[R-sig-ME] What is the maximum number of groups?

Andrew J Tyre atyre2 at unlnotes.unl.edu
Tue Jan 6 05:10:16 CET 2009

Hi All,

I've been thinking alot about the earlier productive and helpful (for me!) 
discussion on overdispersion and glmms etc. I haven't gotten back to my 
grasshopper example yet, but I will as soon as the students complete 
another component of the data collection. 

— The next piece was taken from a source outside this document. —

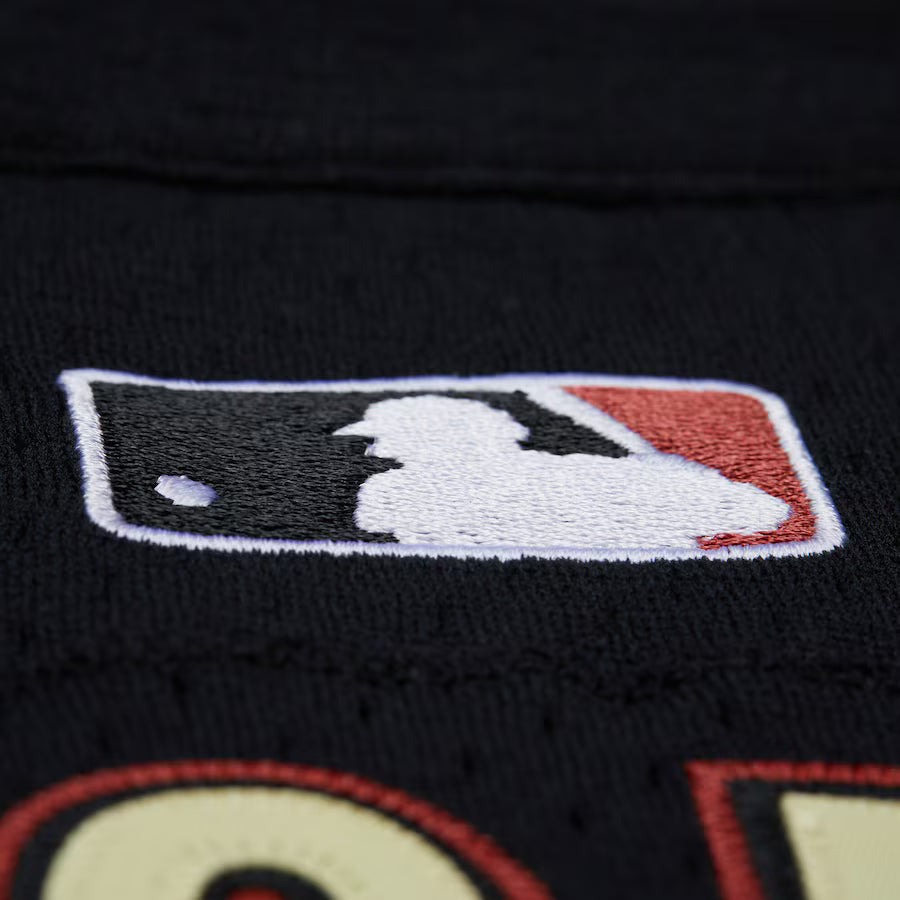 Mitchell & Ness Billy Wagner Black Houston Astros 2002 Batting Practice Jersey-Black-JY13293-HASBLCK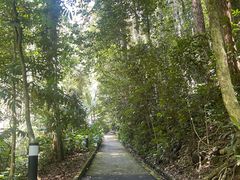 -槟城植物园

I have just come across an example in which I was able to account for most 
of the overdispersion - enough to make me happy anyway - but I'm worried 
about what I did to do it. The data are the number of traps at a site on 
one day that caught or did not catch a deer, so binomial data. There are 
several sites sampled in several different years, and a couple of weather 
covariates that are the same for all traps at a given site on a particular 
day; there are no trap level covariates, but many days of trapping within 
each site/year combination. We expect there to be variation among 
site/year combinations related to the number of deer at a site, variation 
among days due to weather (some covariate data) or other factors, and 
variation among traps due to the location of the trap relative to the deer 

Some simulated data:


# simulate some data
x = runif(300,1,10)
siteyear = factor(rep(1:10,each=30))
logit.p = x*0.2 - 0.025*x^2 + rep(rnorm(10,0,0.4),each=30) + 
p = 1/(1+exp(-logit.p))
size = sample(5:15,300,replace=TRUE)
y = rbinom(300,prob=p,size=size)
mm.1 = lmer(cbind(y,size-y)~x+I(x^2)+(1|siteday),family=binomial)
mm.2 = lmer(cbind(y,size-y)~x+I(x^2)+(1|siteyear),family=binomial)
mm.3 = lmer(cbind(y,size-y)~x+I(x^2)+siteyear+(1|siteday),family=binomial)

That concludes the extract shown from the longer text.